The compiler could run the function once and treat the returned value as fully inferred.


Drawbacks

  • Adds an evaluation step that could be misused if the function isn't pure.
  • Requires tooling updates to evaluate and cache values safely.
  • Might increase complexity for the compiler/runtime boundary.

Alternatives

  • Keep using fallback values or custom wrappers.
  • Use type assertions (but these reduce type safety).
  • Rely on code generation or static config files.

Adoption Strategy

secureInference could be introduced as an opt-in helper via the TypeScript standard library or a plugin. Type-checking would still default to static-only, unless explicitly enabled.

Use Cases

1. What do you want to use this for?

The goal of secureInference is to allow developers to opt into runtime evaluation for pure functions whose return values are needed for precise type inference. This is especially useful when:

  • Loading configuration values at startup (e.g., from environment variables).
  • Computing default values that are deterministic and safe to run once.
  • Performing static transformations or mappings that TypeScript cannot evaluate without execution.

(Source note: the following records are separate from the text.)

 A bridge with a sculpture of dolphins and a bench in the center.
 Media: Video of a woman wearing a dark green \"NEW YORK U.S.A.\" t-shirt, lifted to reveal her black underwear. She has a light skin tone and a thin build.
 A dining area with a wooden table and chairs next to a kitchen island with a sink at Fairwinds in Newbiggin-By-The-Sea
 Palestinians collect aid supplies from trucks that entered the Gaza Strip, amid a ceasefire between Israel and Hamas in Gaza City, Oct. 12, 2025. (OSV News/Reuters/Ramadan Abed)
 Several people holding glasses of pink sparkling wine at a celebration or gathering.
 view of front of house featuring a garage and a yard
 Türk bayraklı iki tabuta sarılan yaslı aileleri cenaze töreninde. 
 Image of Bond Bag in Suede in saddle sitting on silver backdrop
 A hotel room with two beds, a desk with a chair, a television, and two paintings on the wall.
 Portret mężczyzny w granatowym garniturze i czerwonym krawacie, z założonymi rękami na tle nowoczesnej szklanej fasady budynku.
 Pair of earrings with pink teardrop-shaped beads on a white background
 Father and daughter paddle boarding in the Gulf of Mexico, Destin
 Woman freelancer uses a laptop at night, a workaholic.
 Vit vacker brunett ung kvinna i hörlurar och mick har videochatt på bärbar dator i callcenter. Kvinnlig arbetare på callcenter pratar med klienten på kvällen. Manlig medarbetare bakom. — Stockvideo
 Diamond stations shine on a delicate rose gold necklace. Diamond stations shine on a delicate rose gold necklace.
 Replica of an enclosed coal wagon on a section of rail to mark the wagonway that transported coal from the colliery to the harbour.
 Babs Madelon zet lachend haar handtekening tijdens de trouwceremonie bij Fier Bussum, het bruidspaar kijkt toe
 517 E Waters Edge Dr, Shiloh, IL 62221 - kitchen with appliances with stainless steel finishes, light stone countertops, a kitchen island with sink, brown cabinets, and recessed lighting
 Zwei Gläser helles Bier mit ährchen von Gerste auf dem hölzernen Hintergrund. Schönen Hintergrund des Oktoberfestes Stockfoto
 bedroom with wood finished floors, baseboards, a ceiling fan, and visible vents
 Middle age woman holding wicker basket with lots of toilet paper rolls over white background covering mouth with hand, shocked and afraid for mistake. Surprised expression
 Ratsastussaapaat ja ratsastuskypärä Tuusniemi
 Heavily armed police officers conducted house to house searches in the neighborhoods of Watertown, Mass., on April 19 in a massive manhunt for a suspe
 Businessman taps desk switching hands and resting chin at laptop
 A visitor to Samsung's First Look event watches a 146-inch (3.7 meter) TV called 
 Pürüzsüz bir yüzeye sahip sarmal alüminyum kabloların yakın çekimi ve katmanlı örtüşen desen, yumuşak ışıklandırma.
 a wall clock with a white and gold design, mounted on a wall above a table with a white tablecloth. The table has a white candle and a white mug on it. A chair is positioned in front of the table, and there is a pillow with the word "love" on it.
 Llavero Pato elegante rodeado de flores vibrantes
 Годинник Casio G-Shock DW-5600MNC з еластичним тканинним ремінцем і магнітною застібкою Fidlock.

2. What shortcomings exist with current approaches?

Today, TypeScript does not evaluate functions or expressions at runtime for type inference. This leads to several common problems:

  • Default values inside configuration functions are not inferred as non-undefined, even when fallback values are clearly provided.
  • Developers must either manually assert types or create redundant wrapper logic.
  • Type safety is weakened or code becomes verbose due to repeated checks, especially in strongly typed applications.

Example:

const config = {
  limit: parseInt(process.env.DEFAULT_LIMIT || '5'), // always a number
};

const limit: number = config.limit ?? 5; // redundant fallback

3. What workarounds are you using in the meantime?

Most developers currently use a mix of:

  • Manual type annotations or type assertions (as number).
  • Wrapper functions or service layers that return strongly typed results.
  • Custom runtime validation libraries (e.g., zod, joi) to ensure values conform to expectations.

While these work, they introduce boilerplate and force duplication of intent: once at runtime and again in the type system. secureInference would reduce this friction by giving developers a clear and explicit way to tell TypeScript: “It’s safe to trust the result of this pure function for inference.”